▶ **ACTION ITEM**
Make an exact transcript of the lines in the data below, starting with the one containing "Promotional Business Gifts" and going on through the one containing "Mlb Teak 2 Seat Armless Sofa", with both included and the pictures left out.

▶ **RECORDS TO PROCESS**
▼
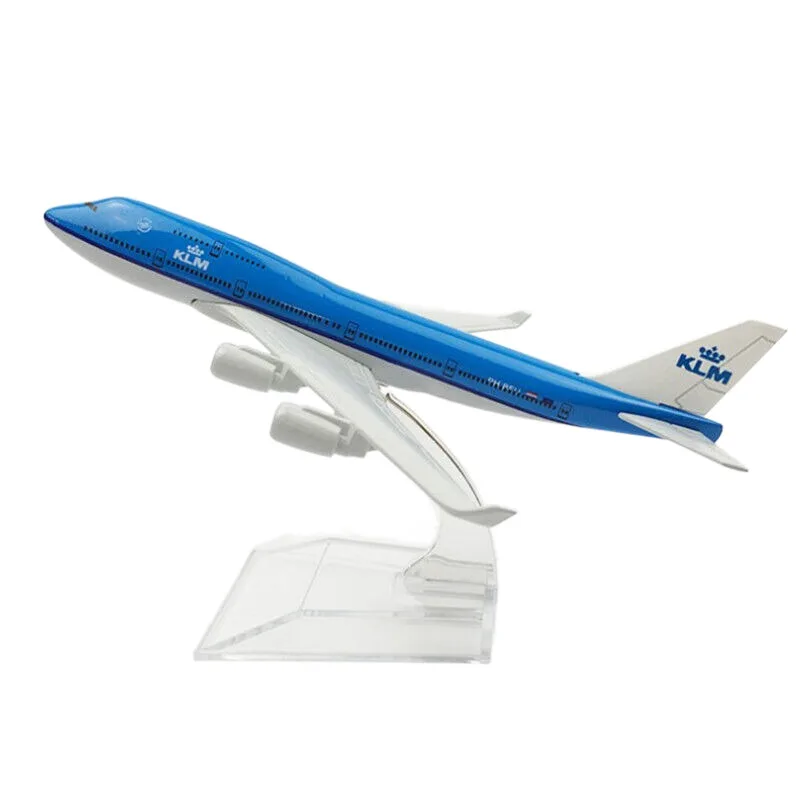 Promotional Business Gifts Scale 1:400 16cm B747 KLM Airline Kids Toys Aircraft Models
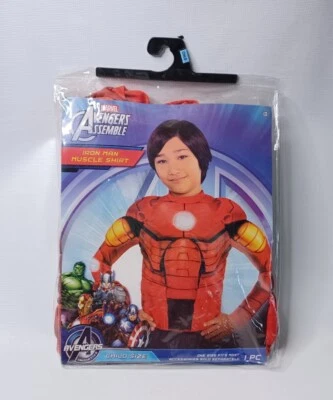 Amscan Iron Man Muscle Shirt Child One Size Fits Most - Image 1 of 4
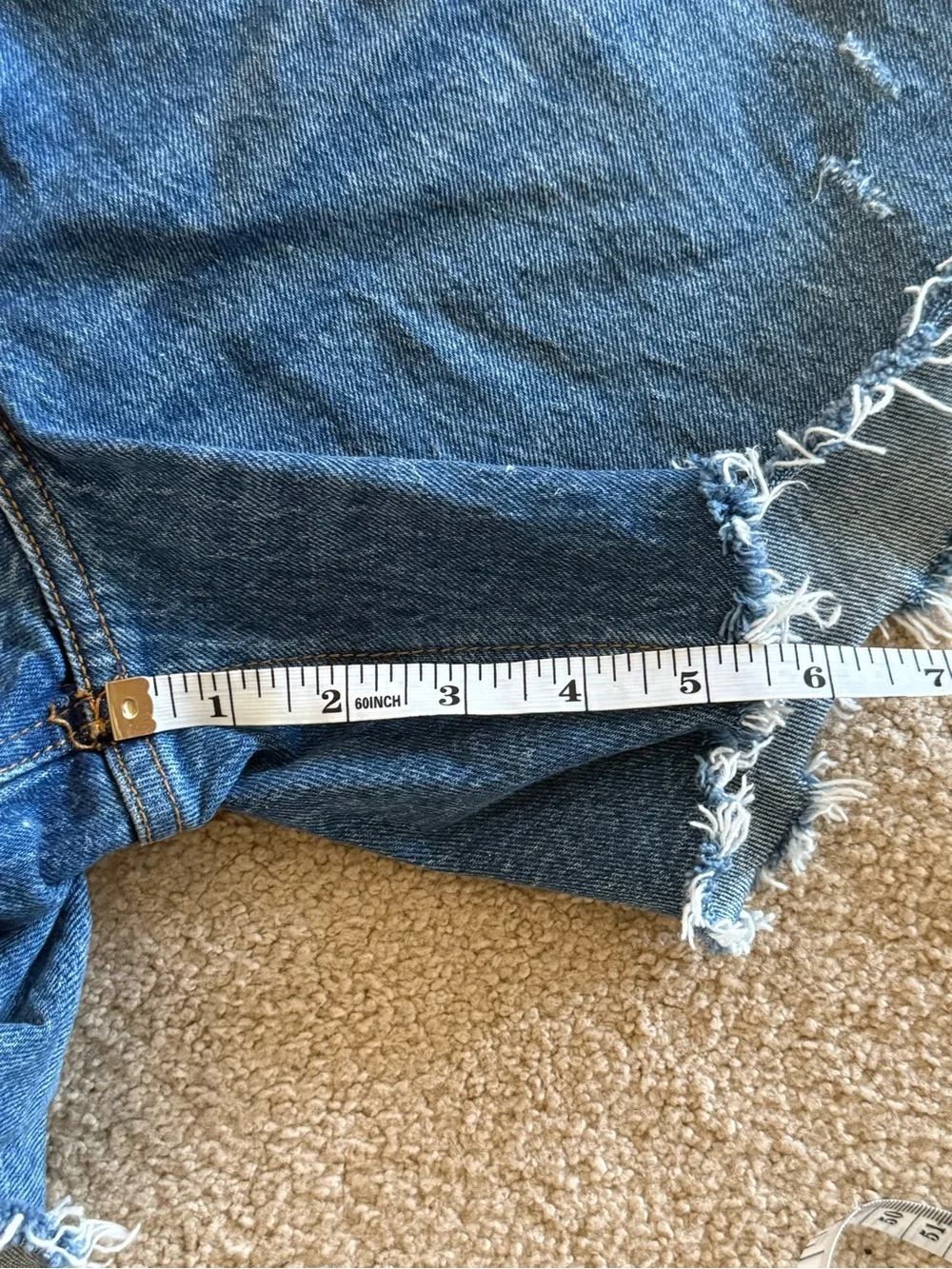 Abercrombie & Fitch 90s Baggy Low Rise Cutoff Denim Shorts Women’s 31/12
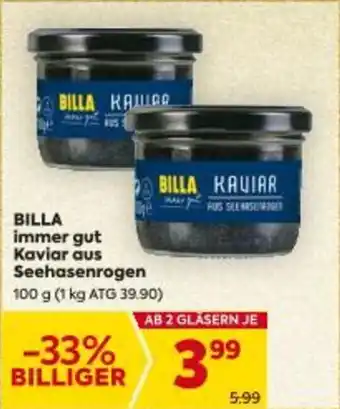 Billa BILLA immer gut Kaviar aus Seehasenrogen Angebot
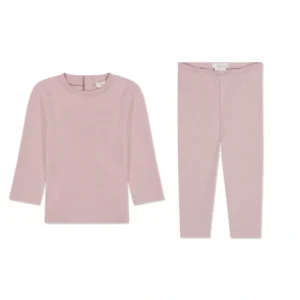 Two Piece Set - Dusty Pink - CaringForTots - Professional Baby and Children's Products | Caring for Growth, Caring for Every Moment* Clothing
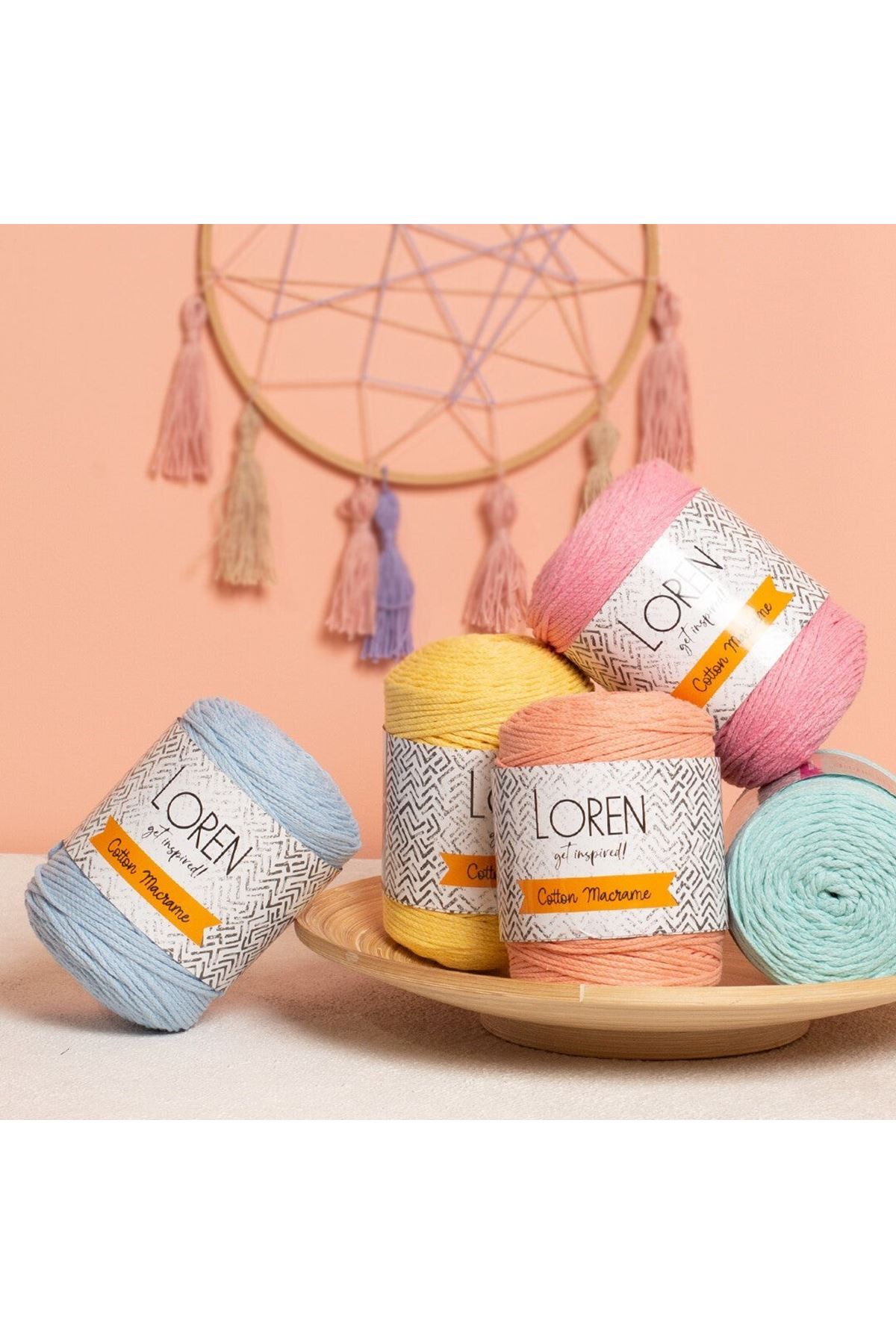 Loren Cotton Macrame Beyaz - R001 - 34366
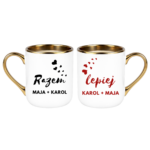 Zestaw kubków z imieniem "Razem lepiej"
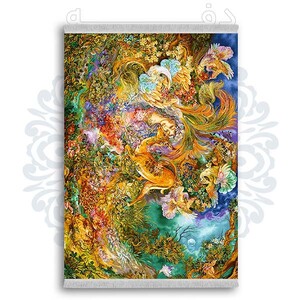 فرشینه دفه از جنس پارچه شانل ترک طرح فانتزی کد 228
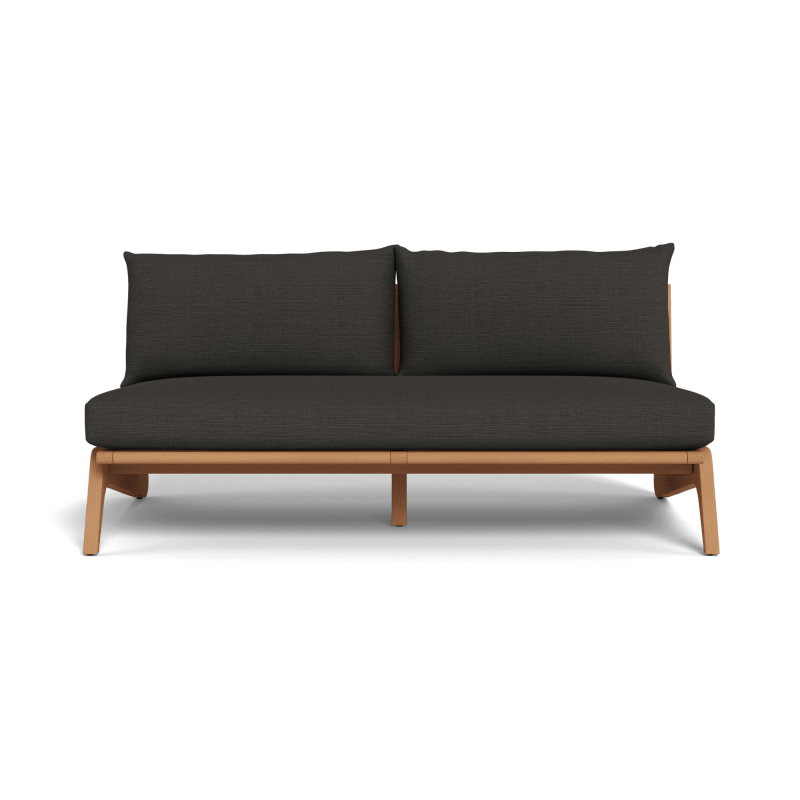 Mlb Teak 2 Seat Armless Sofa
▲
▼
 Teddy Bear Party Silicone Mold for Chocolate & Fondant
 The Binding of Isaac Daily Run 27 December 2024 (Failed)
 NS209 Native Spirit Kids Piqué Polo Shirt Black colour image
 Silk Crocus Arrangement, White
▲
▼
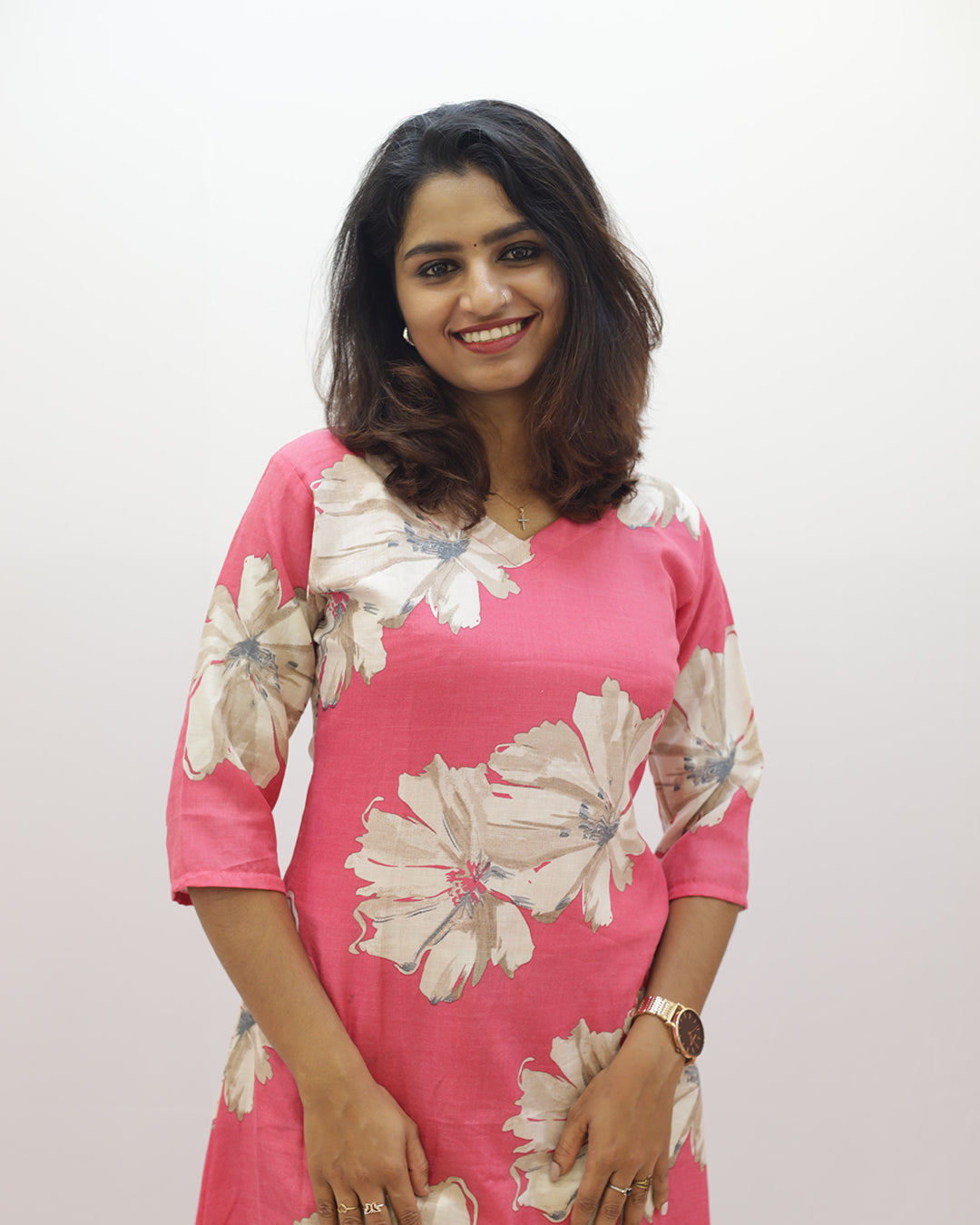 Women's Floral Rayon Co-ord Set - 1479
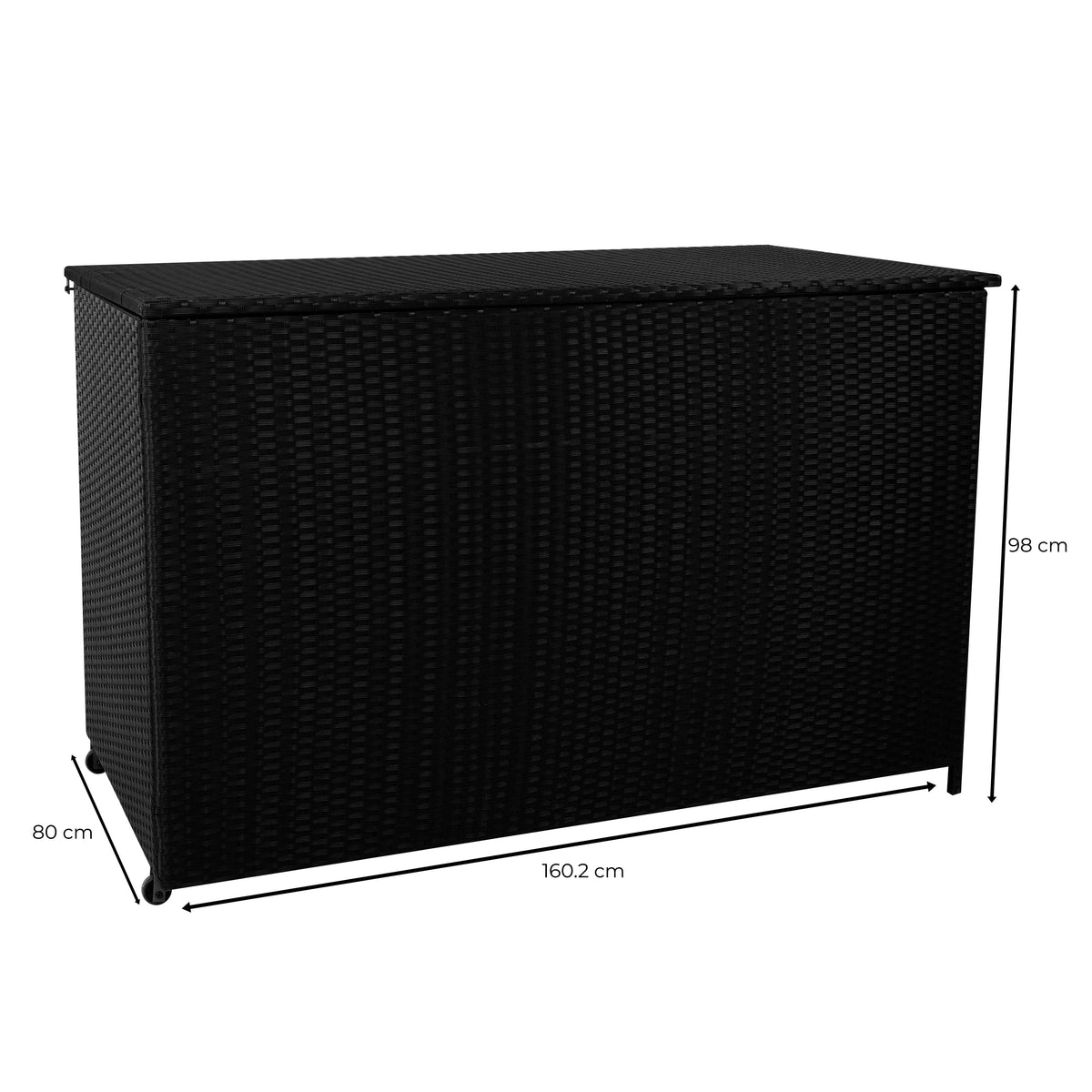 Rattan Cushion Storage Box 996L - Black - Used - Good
▲
▶ **OUTPUT OF THE EXERCISE**
 Promotional Business Gifts Scale 1:400 16cm B747 KLM Airline Kids Toys Aircraft Models
 Amscan Iron Man Muscle Shirt Child One Size Fits Most - Image 1 of 4
 Abercrombie & Fitch 90s Baggy Low Rise Cutoff Denim Shorts Women’s 31/12
 Billa BILLA immer gut Kaviar aus Seehasenrogen Angebot
 Two Piece Set - Dusty Pink - CaringForTots - Professional Baby and Children's Products | Caring for Growth, Caring for Every Moment* Clothing
 Loren Cotton Macrame Beyaz - R001 - 34366
 Zestaw kubków z imieniem "Razem lepiej"
 فرشینه دفه از جنس پارچه شانل ترک طرح فانتزی کد 228
 Mlb Teak 2 Seat Armless Sofa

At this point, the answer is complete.